Task objective —
Using only the entries below, copy exactly the lines that begin at the one with "As you can see, our" and end at the one with "You can also", both included. Drop the pictures.

** Records supplied follows **

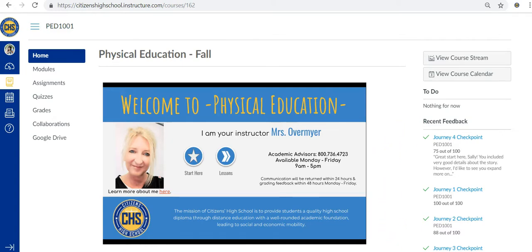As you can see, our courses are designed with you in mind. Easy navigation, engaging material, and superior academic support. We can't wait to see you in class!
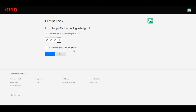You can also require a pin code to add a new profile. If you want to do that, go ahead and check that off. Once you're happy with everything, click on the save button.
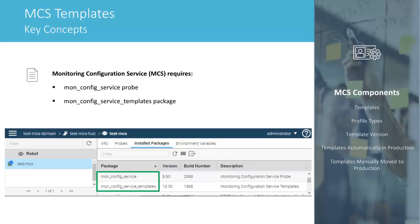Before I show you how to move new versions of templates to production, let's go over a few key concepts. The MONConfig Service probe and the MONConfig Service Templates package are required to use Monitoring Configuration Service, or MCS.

** End of Records supplied **
** Records supplied follows **

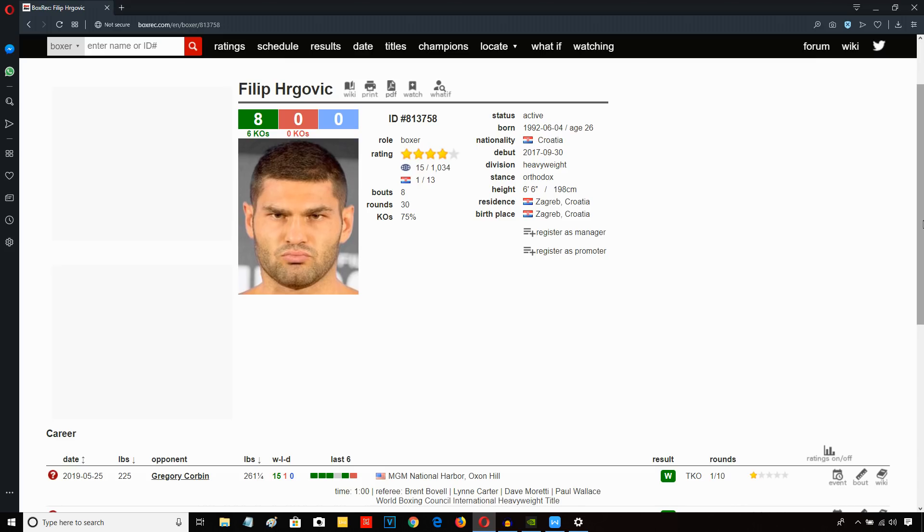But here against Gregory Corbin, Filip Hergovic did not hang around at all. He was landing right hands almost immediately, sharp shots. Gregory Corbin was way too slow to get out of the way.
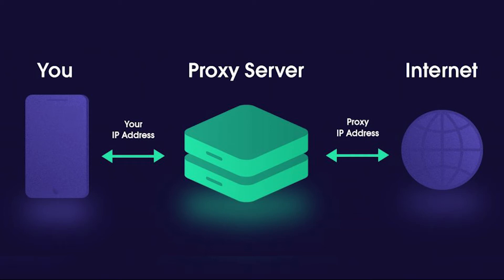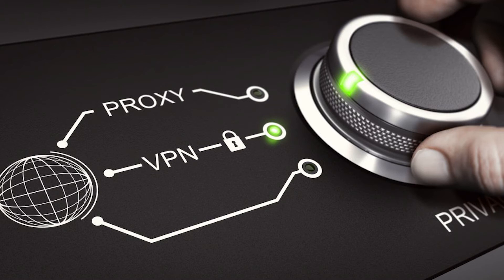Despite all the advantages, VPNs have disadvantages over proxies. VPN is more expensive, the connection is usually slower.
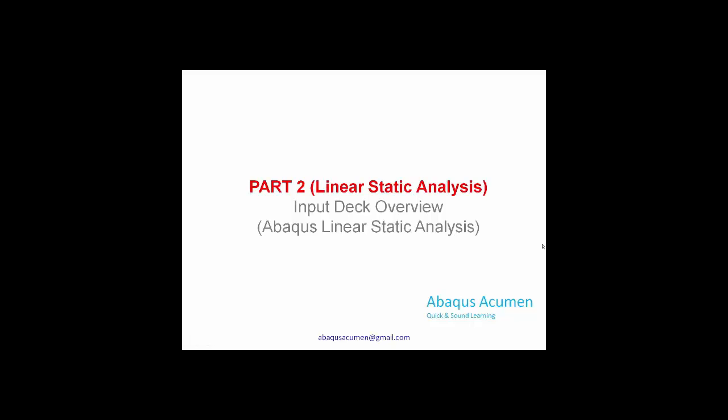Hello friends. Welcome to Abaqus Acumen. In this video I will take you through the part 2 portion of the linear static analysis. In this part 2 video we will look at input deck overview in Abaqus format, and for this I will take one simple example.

** End of Records supplied **

Answer to this problem —
As you can see, our courses are designed with you in mind. Easy navigation, engaging material, and superior academic support. We can't wait to see you in class!
You can also require a pin code to add a new profile. If you want to do that, go ahead and check that off. Once you're happy with everything, click on the save button.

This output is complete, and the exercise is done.